Durante a infância, o sujeito recebe dos pais e da família, dos educadores e dos que o cercam, indicativos do seu lugar de pertencimento no mundo. Na adolescência tem-se uma exigência cultural da sociedade de que o mais importante é manter essas referências, mas agora com a separação dos pais da infância. Trata-se de um novo lugar, "no sentido de afrouxar em cada indivíduo, especialmente no jovem, os laços com a família, que eram os únicos decisivos na infância" (Freud, 1905/2016b, p. 147). O adolescente é obrigado a fazer escolhas, a não ficar dependente da idealização dos pais de outrora.

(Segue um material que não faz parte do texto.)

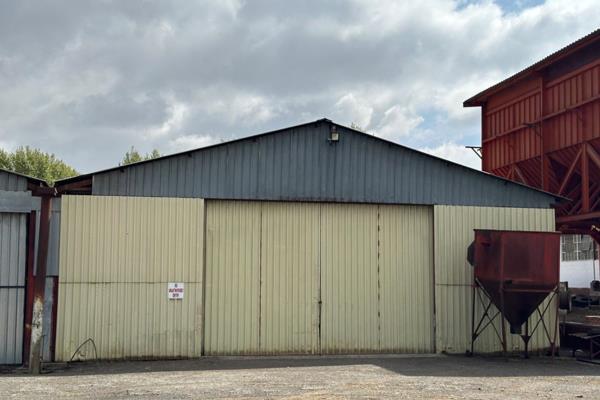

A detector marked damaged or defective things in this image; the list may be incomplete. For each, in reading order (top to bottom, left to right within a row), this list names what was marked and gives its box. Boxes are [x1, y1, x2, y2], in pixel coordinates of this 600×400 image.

red rusty steel hopper [466, 228, 560, 334]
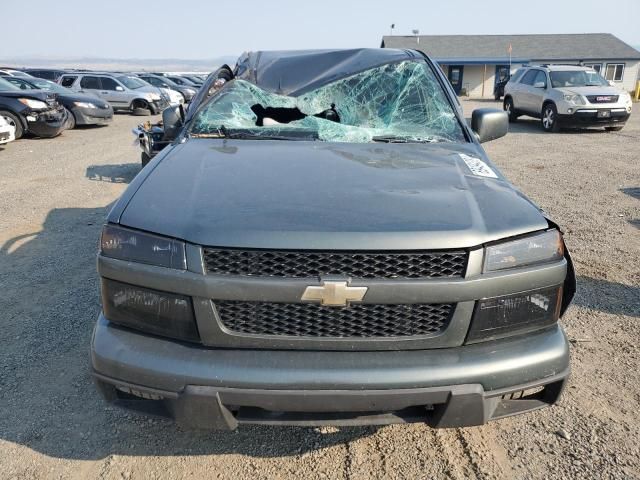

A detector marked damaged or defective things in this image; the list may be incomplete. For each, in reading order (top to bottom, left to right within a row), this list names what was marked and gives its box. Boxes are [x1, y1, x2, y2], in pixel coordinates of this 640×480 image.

shattered windshield [189, 60, 464, 142]
broken glass [190, 60, 464, 142]
damaged pickup truck [94, 48, 576, 430]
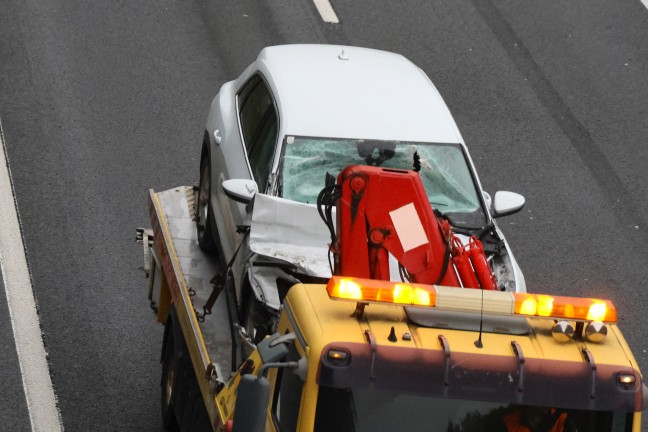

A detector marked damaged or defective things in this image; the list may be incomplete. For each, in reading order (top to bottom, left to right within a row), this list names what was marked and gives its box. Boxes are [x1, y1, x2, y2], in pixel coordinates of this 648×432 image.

broken side mirror [223, 180, 258, 205]
shattered windshield [278, 137, 486, 228]
broken side mirror [494, 192, 524, 219]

Sabe-se que toda criança idealiza seus pais e que isso é uma operação necessária. Mas o crescimento traz a possibilidade de fazer escolhas, e a percepção gradual das falhas dos adultos, de modo que esse olhar (idealizado) permite o processo de separação das identificações com os pais, constituídas durante a infância, e que tomarão outro entorno durante a adolescência. No entanto, a identificação primária permanece fundamental na constituição de um sujeito no enfrentamento com o desejo. Freud chamava isso de descoberta do objeto: "enquanto os processos de puberdade estabelecem o primado das zonas genitais, efetua-se do lado psíquico a descoberta do objeto, que já era preparada desde a primeira infância" (Freud, 1905/2016b, p. 142).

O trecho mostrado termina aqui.